Thursday, May 22, 2008





In early May, when the flower is still on the broom and the gorse puts forth its own shameless display, Scotland is alive with pullulating yellow. From Stirling, past Perth, up over the Drumochter pass to Dalwhinnie and on to Loch Laggan, teeming roadside blossom cheered us on our way. Our spirits buoyed up by this uninhibited welcome, we pulled into the car park at Aberarder on the north shore of the loch and got ready to climb. Nigel and Jane had set out from Cheshire that same morning in their latest vehicular acquisition, a Citroën Xantia. Xantia - a name to conjur with, evoking as it does images of Narnia, Xanadu and the Age of Conan! Certainly, by Lyle standards, it was one swanky motor! In tasteful Essex white, it sported a residual boy-race spoiler and go-faster rust-flecked welding - an exorbitantly cool image from which the conspicuous absence of hub-caps could scarcely subtract. Nigel had thoughtfully customised it with a fan-belt squeal simulator, which was a reassuring auditory accompaniment throughout our peregrinations.

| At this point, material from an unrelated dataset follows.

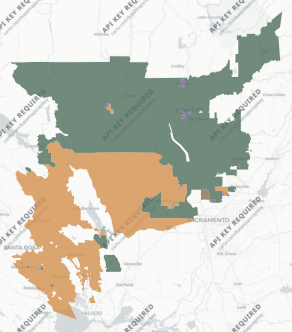 Congressional District 4 results map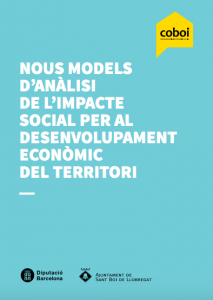Nous models analisi impacte social per al desenvolupament economic del territori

We set off a little before midday, late enough, but not bad considering the distances covered to get there. As it turned out, it was the earliest start we managed over our entire extended weekend! While Jane opted for an easier stroll up to Corrie Ardair, Nigel and I, with an eye to our reputations as mountaineers, embarked on the complete round of Creag Meagaidh. Starting off up the luxuriously appointed main path, we soon veered off northwards onto more traditional boggy tracks as we aimed for Carn Liath, 1006m, our first top of the day. The sky was overcast, but the cloud cover remained high with the occasional hint of pale sun. We followed a literally primrose path up through the gradually self-reconstituting natural woodland of the nature reserve. Ben, Nigel's irrepressible black labrador, bounded along beside us. It was one of those days when climbing becomes somehow effortless. Seemingly without particular exertion we passed over Na Cnapanan and soon found ourselves on the upper slopes of our hill, wandering across the final easy screes to shelter at the cairn. We munched and chatted and took pictures of ourselves and then drifted on westwards along the tops: Meall an t-Snaim, Sron Coire a' Chriochairean. We trended down on the southerly side of the ridge in order to view the tremendous cliffs of Coire Ardair. They had taken on mythical proportions ever since Nigel and I had attended a school lecture given by the celebrated mountain photographer, John Cleare (it must have been 68/69!). He gave a riveting slide-show account of Tom Patey's Creag Meagaidh Crab-Crawl. The spectacular drama of the winter climbing, the swashbuckling fearlessness of the mountaineers, the unmistakable whiff of anti-authoritarianism, all made a deep impression on our adolescent minds. And here we were, some forty years later, still irretrievably adolescent at heart!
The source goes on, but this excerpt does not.